[Records]
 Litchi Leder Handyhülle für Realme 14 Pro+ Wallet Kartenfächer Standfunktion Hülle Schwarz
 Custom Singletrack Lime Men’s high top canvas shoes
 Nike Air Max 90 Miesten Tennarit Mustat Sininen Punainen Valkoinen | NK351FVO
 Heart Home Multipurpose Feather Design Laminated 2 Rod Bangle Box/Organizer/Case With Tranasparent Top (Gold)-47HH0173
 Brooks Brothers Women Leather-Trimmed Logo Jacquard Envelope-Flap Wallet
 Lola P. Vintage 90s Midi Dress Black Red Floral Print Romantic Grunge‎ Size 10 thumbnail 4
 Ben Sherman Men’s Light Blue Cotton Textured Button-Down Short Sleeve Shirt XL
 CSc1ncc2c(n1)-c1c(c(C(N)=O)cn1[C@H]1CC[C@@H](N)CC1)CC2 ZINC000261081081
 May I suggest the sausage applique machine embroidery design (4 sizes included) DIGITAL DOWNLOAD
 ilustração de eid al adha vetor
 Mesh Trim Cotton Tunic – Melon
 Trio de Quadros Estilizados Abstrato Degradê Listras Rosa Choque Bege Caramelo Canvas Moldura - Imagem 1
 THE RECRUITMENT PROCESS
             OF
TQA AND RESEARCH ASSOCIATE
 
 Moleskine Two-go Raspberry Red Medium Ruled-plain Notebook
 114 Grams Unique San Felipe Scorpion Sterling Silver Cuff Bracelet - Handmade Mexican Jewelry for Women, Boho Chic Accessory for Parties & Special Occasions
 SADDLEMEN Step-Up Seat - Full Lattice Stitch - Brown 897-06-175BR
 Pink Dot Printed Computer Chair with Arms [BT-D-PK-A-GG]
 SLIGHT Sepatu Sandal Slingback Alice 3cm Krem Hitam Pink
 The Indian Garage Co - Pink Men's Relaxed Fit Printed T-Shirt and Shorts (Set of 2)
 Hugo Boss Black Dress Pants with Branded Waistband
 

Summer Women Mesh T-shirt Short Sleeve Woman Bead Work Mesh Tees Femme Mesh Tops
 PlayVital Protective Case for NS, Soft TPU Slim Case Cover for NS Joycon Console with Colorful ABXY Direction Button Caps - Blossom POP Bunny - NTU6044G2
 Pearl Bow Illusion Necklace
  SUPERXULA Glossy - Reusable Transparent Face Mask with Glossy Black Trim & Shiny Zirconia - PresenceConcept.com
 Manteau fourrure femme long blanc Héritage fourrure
[/Records]
[Directions for this task]: Copy out only the lines of the records above from the one with "Moleskine Two-go Raspberry" through the one with "PlayVital Protective Case", exactly as they stand, both included.

[Answer to this problem]:
 Moleskine Two-go Raspberry Red Medium Ruled-plain Notebook
 114 Grams Unique San Felipe Scorpion Sterling Silver Cuff Bracelet - Handmade Mexican Jewelry for Women, Boho Chic Accessory for Parties & Special Occasions
 SADDLEMEN Step-Up Seat - Full Lattice Stitch - Brown 897-06-175BR
 Pink Dot Printed Computer Chair with Arms [BT-D-PK-A-GG]
 SLIGHT Sepatu Sandal Slingback Alice 3cm Krem Hitam Pink
 The Indian Garage Co - Pink Men's Relaxed Fit Printed T-Shirt and Shorts (Set of 2)
 Hugo Boss Black Dress Pants with Branded Waistband
 

Summer Women Mesh T-shirt Short Sleeve Woman Bead Work Mesh Tees Femme Mesh Tops
 PlayVital Protective Case for NS, Soft TPU Slim Case Cover for NS Joycon Console with Colorful ABXY Direction Button Caps - Blossom POP Bunny - NTU6044G2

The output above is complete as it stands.